Fig 2.2. Distribution of organisations' median base salary pay gaps

Source: 2020-21 workplace gender audit data (aggregated workforce data) Notes: 243 organisations included

Pay gaps by occupation

In the Commission’s dataset, all occupations had gender pay gaps in favour of men.

As shown in Figures 2.3 and 2.4, below, men were paid more than women within every occupation group, including Professionals and Managers, with median base salary gaps ranging from $5,100 to $16,700. This was the case even in those traditionally majority-women occupations such as Community and Personal Service Workers. The median base salary for women working in the latter occupation was 13.3% lower than for men – a difference of $10,200.

Fig 2.3. Median annualised base salary, by occupation group and gender

Source: 2020-21 workplace gender audit data (unit level workforce data) Notes: 169 organisations included

  • Download' Fig 2.3. Median annualised base salary, by occupation group and gender'

Fig. 2.4. Median base salary pay gap by occupation group

Occupation group*

Median base salary pay gap

Labourers

17.7%

$11,200

Community and Personal Service Workers

13.3%

$10,200

Managers

11.6%

$16,900

Clerical and Administrative Workers

10.0%

$8,500

Professionals

6.9%

$7,100

Technicians and Trades Workers

6.4%

$5,100

Notes: 1. Bolded figures represent the highest figures. 2. Occupation groups with small headcounts were not reported here (i.e., ‘Sales Workers’ and ‘Machine Operators and Drivers’) nor were individuals who were not assigned an occupation code by their employer.
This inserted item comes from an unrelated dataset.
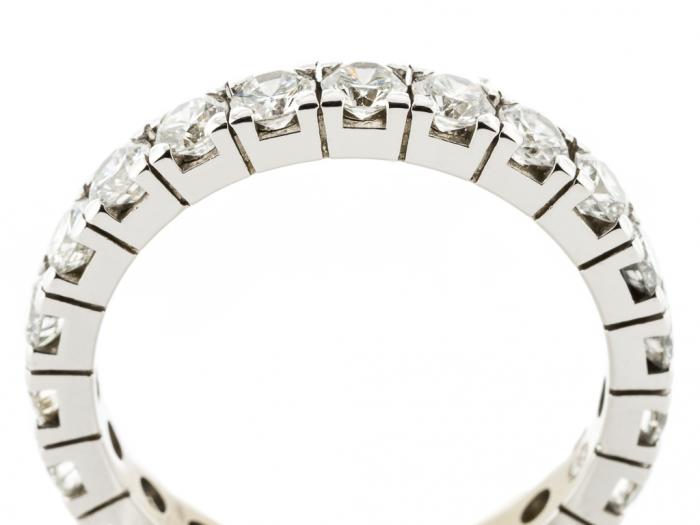 Full Eternity Diamond Ring - Image 3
As can be seen in Figure 2.4 above, the largest percentage pay gap was observed within the Labourers occupation. The median base salary for women working as labourers was 17.7% lower than for men – a difference of $11,200.

The largest pay gap in dollars was observed within the Managers occupation. The median base salary for women working as managers was 11.6% lower than for men – a difference of $16,900.
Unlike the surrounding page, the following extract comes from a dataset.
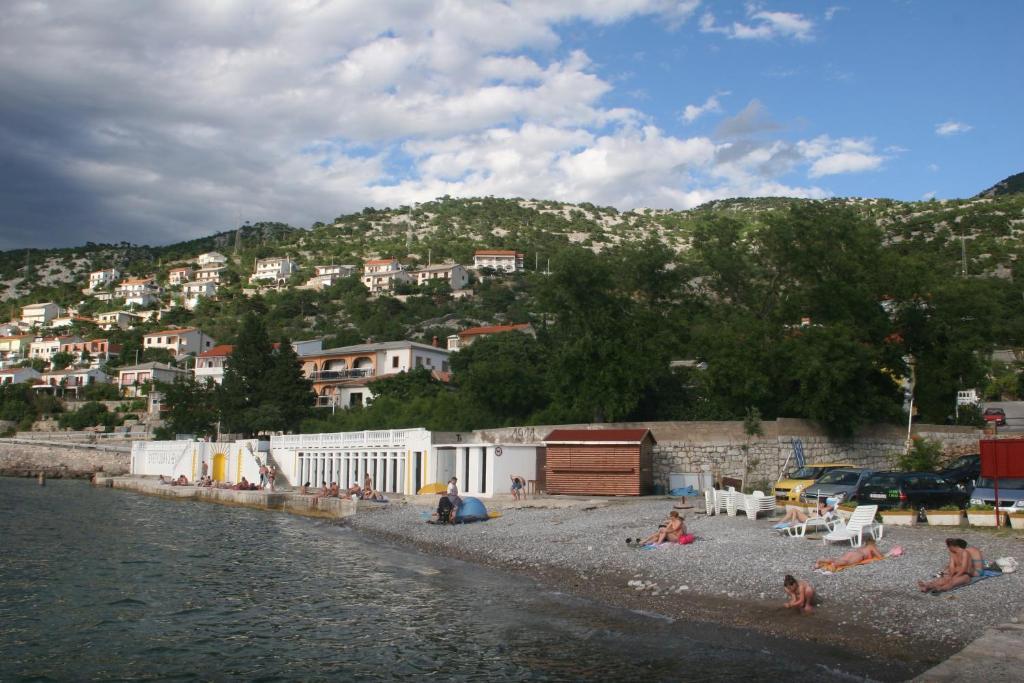 Villa Arca Adriatica Sveti Juraj Exterior photo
Interestingly, these findings do not align with occupational pay gaps in the private sector, where the largest percentage pay gaps were reflected in the Technicians and Trades Workers (27.7%) and Professional (18.2%) occupations.93 Notably, occupational full-time gender pay gaps are calculated across the WGEA dataset by management and non-management categories, with the widest pay gap in dollar amounts across both categories observed within the top three tiers of Manager categories.94

Pay gaps by industry

All but one industry group in the Commission’s dataset had a pay gap in favour of men.

As shown in Figure 2.5 below, 11 out of 12 industry groups in the dataset had a pay gap in favour of men.

Fig 2.5. Median annualised base salary, by industry and gender

Source: 2020-21 workplace gender audit data (unit level workforce data) Notes: 184 organisations included

  • Download' Fig 2.5. Median annualised base salary, by industry and gender'

Significant and consistent pay gaps in favour of men were observed within organisations in 3 key industry groups: Transport, TAFE and Other Education, and Finance and Insurance (Figures 2.5 and 2.6). Significant but less consistent pay gaps were observed in the Public Health Care industry group. Consistent but less significant pay gaps were also observed in Universities and in the Police and Emergency Services industry group (Figures 2.5 and 2.6).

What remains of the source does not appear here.